時間: 二〇一三年十二月十四日
地點: 北京首都圖書館
人物: 沈繼光、趙園、高萍
藝術家沈繼光的新作發布會上,氣氛有點冷。
新書《物語三千》是他這20年間奔赴中國各村落拍攝“老物件”的攝影集子。“物語”取自“物”自有“言語”,三千則是概數,他拍過上萬件物器,書中收錄了420多楨。沈繼光所拍的“老物件”是平常農家生活里所用的器具:褡褳、火鐮、鞋拔子、煙絲袋、煤油燈,還有勞具犁、耙、鋤、鎬、石磨、碾子等等。

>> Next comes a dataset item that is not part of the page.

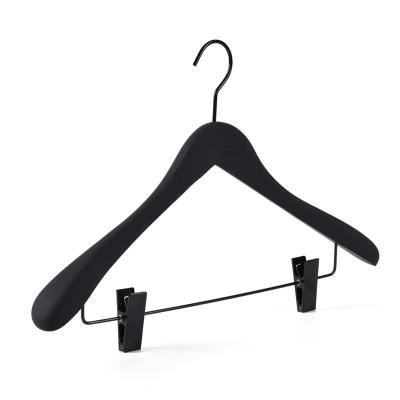 China Personalied Customized Black Rubber Coated Wooden Clip Hanger For Clothes for sale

這些老物件都沒有文物價值,沈繼光看重的是它們的脾性。這些“老物件”大多有數十年或上百年歷史,散落在村落人家的旮旯里。它們曾與人朝夕相處,經人手多年摩挲后,浸透汗水,外表的色澤像玉器的包漿,有溫暖的潤光。
這些生活和勞動用品正在或已經被淘汰,同時被淘汰的還有中國社會不能復現的生存形態、生活方式。

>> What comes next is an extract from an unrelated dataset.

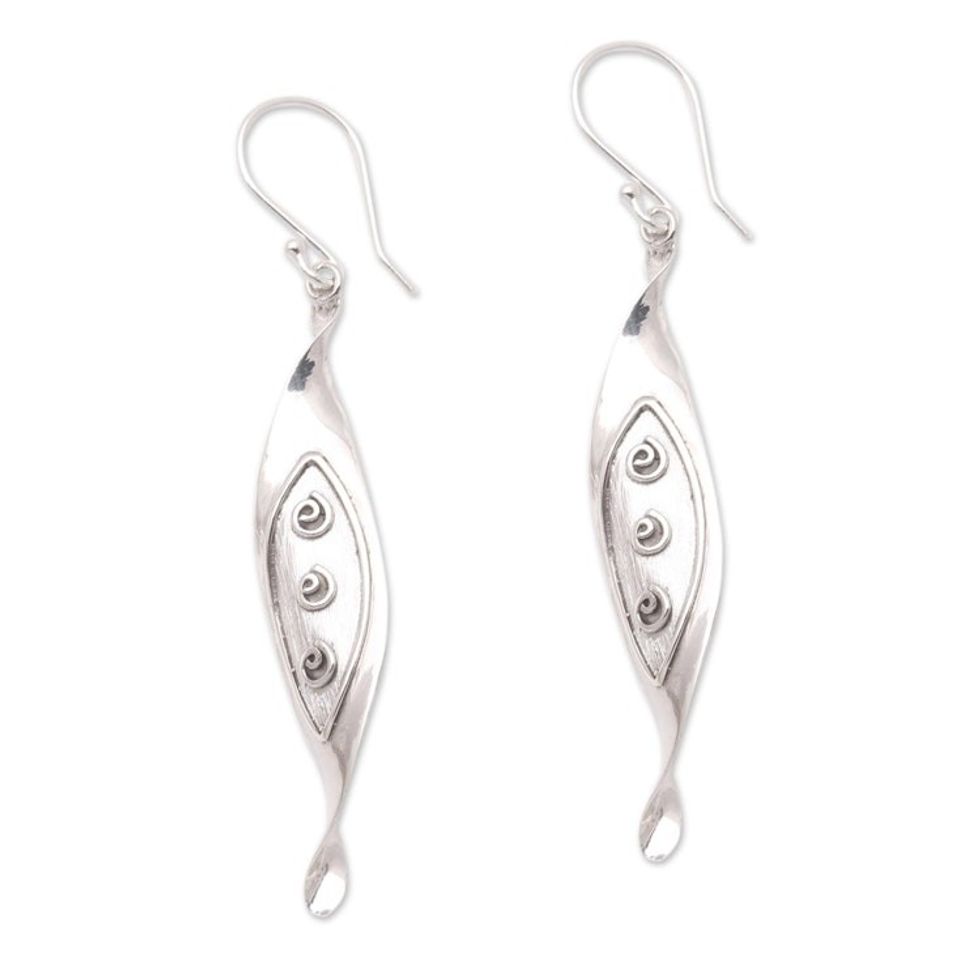Swirl Pattern Sterling Silver Dangle Earrings from Bali 'Leafy Shapes'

這不是時髦的話題,也不具有公共性。當天來聽講座的觀眾多是老人。在沈繼光和嘉賓上臺前,坐在前排的幾位北京老頭老太太聊起天來。“您今天打哪來?”“我從胡同后面竄出來的,沒跟你們一起。”這幾位北京老人業已退休,是“講座動物”—哪里有免費的講座,就帶著水壺趕過來。他們去過不少名家講座,易中天、于丹,他們都見過真容。
一位老先生談起當天的講座,說不知道主講是什么人,邀請的嘉賓會不會講。主講當然是沈繼光,他邀請的嘉賓社會科學院文學研究所的趙園,著有《地之子》,研究文學、知識分子與鄉村關系;另一位嘉賓是沈繼光的助理高萍,隨著他在全國各地農村跑,也是此書的作者之一。這幾位對聽眾來說都比較陌生,顯然不及易中天與于丹有名。等開講后,沈繼光興致勃勃地談起自己拍攝“老物件”的緣由,臺下的觀眾略為沉默,像不太感興趣。
場面話說完,沈繼光干脆打開屏幕,放起自己書中的圖片,一幅幅講解。屏幕里有幀黑白相片,里頭是個普通的背簍。它被放在土地上,看起來沒有任何特別之處。沈繼光興致不減,介紹起來:這背簍上的背帶并不是布做的,而是物主的奶奶用自己頭發編出來的。物主已年近古稀,他奶奶早已過世,只有這縷頭發一直陪著兒孫背負重物。照片里,沈繼光讓背簍逆光,背帶上的毛梢清晰可辨,先人留下的遺物顯得溫暖。他談起中國人惜物的傳統,說:“木材也好,水也好,只有跟你發生了生命的聯系,你才會珍惜。這個我覺得挺好的。”
臺下的聽眾似乎并不買賬,那位坐在第一排的老先生甚至打起了呼嚕。身旁的老太太覺得尷尬,趕緊捅了捅他。老頭醒后又與周圍的伙伴聊起天來。他似乎沒聽沈繼光說了什么,反倒又談論起于丹來。他說:“咱不說深度,太深度也聽不懂,就說于丹那口才,是真好。”幾位老太太點頭附和。旁邊一位干脆站起身來,收拾好衣物,提起水壺,躬背撇腳地走出門去。